As a sort of disinfectant, I shall close with a lengthy quotation from Mortalium Animos §9 by Pope Pius XI (6 Jan 1928):
These pan-Christians who turn their minds to uniting the churches seem, indeed, to pursue the noblest of ideas in promoting charity among all Christians: nevertheless how does it happen that this charity tends to injure faith? Everyone knows that John himself, the Apostle of love, who seems to reveal in his Gospel the secrets of the Sacred Heart of Jesus, and who never ceased to impress on the memories of his followers the new commandment “Love one another,” altogether forbade any intercourse with those who professed a mutilated and corrupt version of Christ’s teaching: “If any man come to you and bring not this doctrine, receive him not into the house nor say to him: God speed you.” For which reason, since charity is based on a complete and sincere faith, the disciples of Christ must be united principally by the bond of one faith. …

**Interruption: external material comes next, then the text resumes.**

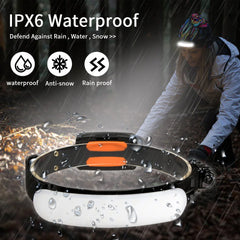 Portable COB LED Headlight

[I]n what manner, We ask, can men who follow contrary opinions, belong to one and the same Federation of the faithful? For example, those who affirm, and those who deny that sacred Tradition is a true fount of divine Revelation; those who hold that an ecclesiastical hierarchy, made up of bishops, priests and ministers, has been divinely constituted, and those who assert that it has been brought in little by little in accordance with the conditions of the time…. How so great a variety of opinions can make the way clear to effect the unity of the Church We know not; that unity can only arise from one teaching authority, one law of belief and one faith of Christians.

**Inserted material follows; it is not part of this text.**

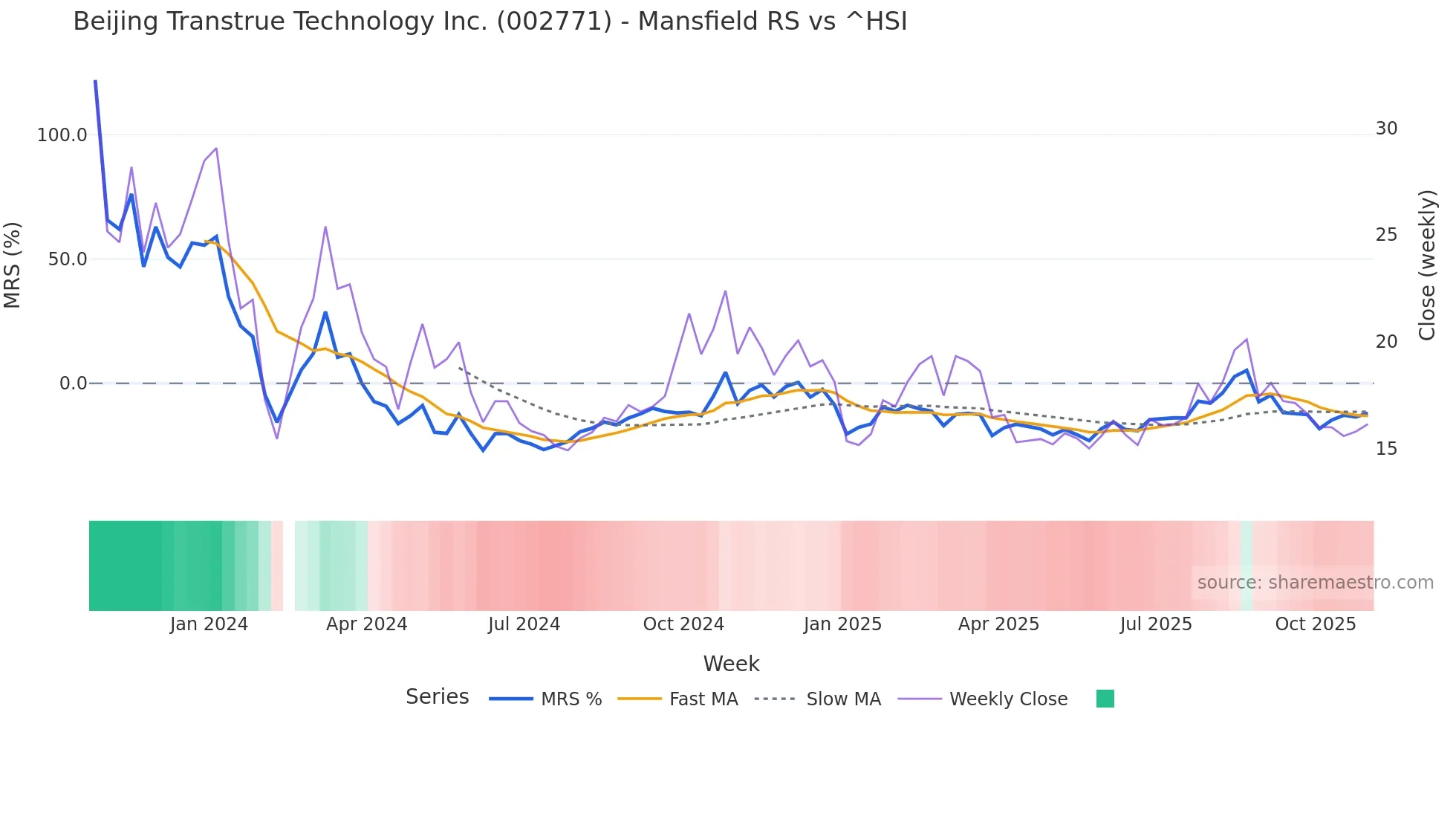 002771 Mansfield Relative Strength chart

But We do know that from this it is an easy step to the neglect of religion or indifferentism and to modernism, as they call it. Those, who are unhappily infected with these errors, hold that dogmatic truth is not absolute but relative, that is, it agrees with the varying necessities of time and place and with the varying tendencies of the mind, since it is not contained in immutable revelation, but is capable of being accommodated to human life. Besides this, in connection with things which must be believed, it is nowise licit to use that distinction which some have seen fit to introduce between those articles of faith which are fundamental and those which are not fundamental, as they say, as if the former are to be accepted by all, while the latter may be left to the free assent of the faithful: for the supernatural virtue of faith has a formal cause, namely the authority of God revealing, and this is patient of no such distinction. …
For this reason it is that all who are truly Christ’s believe, for example, the Conception of the Mother of God without stain of original sin with the same faith as they believe the mystery of the August Trinity, and the Incarnation of our Lord just as they do the infallible teaching authority of the Roman Pontiff, according to the sense in which it was defined by the Ecumenical Council of the Vatican. Are these truths not equally certain, or not equally to be believed, because the Church has solemnly sanctioned and defined them, some in one age and some in another, even in those times immediately before our own? Has not God revealed them all?
For the teaching authority of the Church, which in the divine wisdom was constituted on earth in order that revealed doctrines might remain intact for ever, and that they might be brought with ease and security to the knowledge of men, and which is daily exercised through the Roman Pontiff and the Bishops who are in communion with him, has also the office of defining, when it sees fit, any truth with solemn rites and decrees, whenever this is necessary either to oppose the errors or the attacks of heretics, or more clearly and in greater detail to stamp the minds of the faithful with the articles of sacred doctrine which have been explained. But in the use of this extraordinary teaching authority no newly invented matter is brought in, nor is anything new added to the number of those truths which are at least implicitly contained in the deposit of Revelation, divinely handed down to the Church: only those which are made clear which perhaps may still seem obscure to some, or that which some have previously called into question is declared to be of faith.
Ents of the Church, unite! Let us fortify ourselves around the Eucharist!